*Supplied data:*
=-=-=
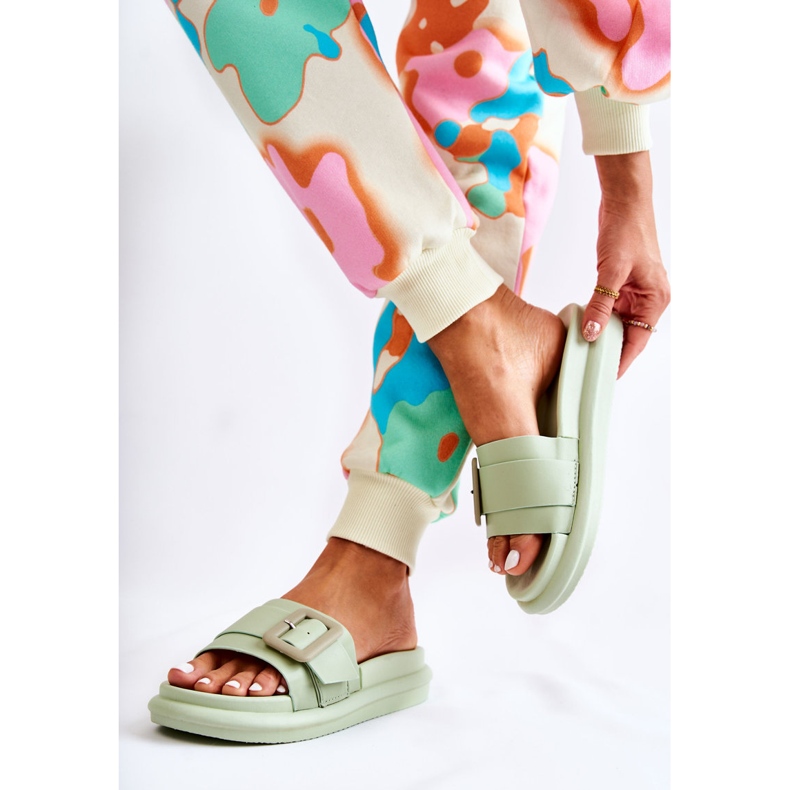 Dámské zelené pantofle se sponou Devia zelená 1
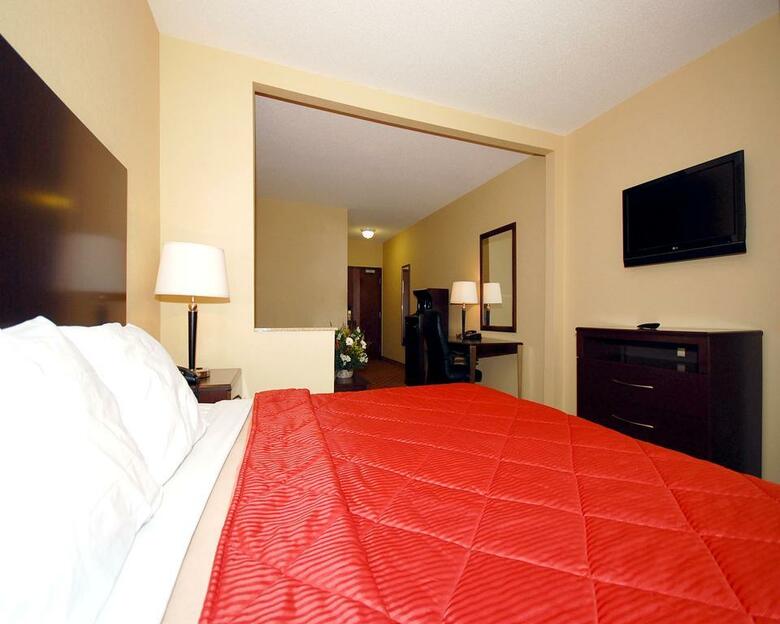 Hotel Comfort Inn & Suites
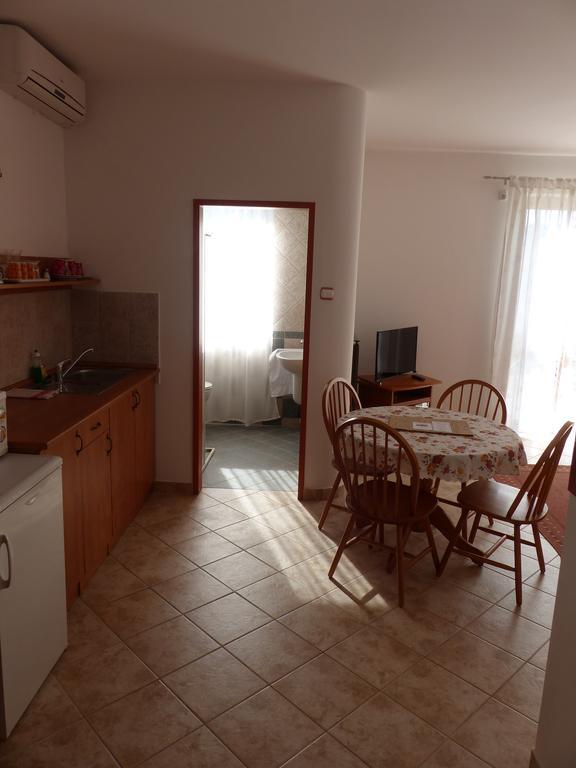Toscana Lakeside Apartments I - II Family Friend Siofok Dış mekan fotoğraf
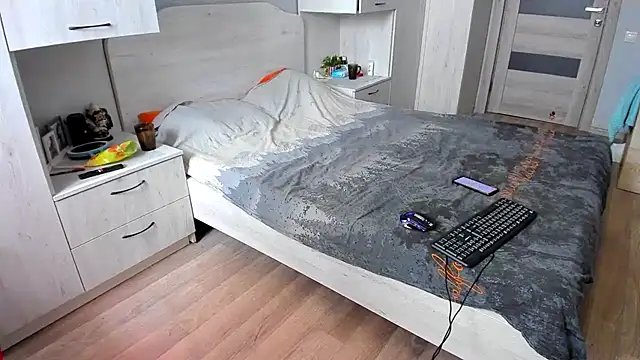 DUSSY PUSSY online show from February 24, 4:24 am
=-=-=
*Description of the task:* Reproduce the whole listing verbatim and keep all pictures out of it.

*Result of the task:*
 Dámské zelené pantofle se sponou Devia zelená 1
 Hotel Comfort Inn & Suites
Toscana Lakeside Apartments I - II Family Friend Siofok Dış mekan fotoğraf
 DUSSY PUSSY online show from February 24, 4:24 am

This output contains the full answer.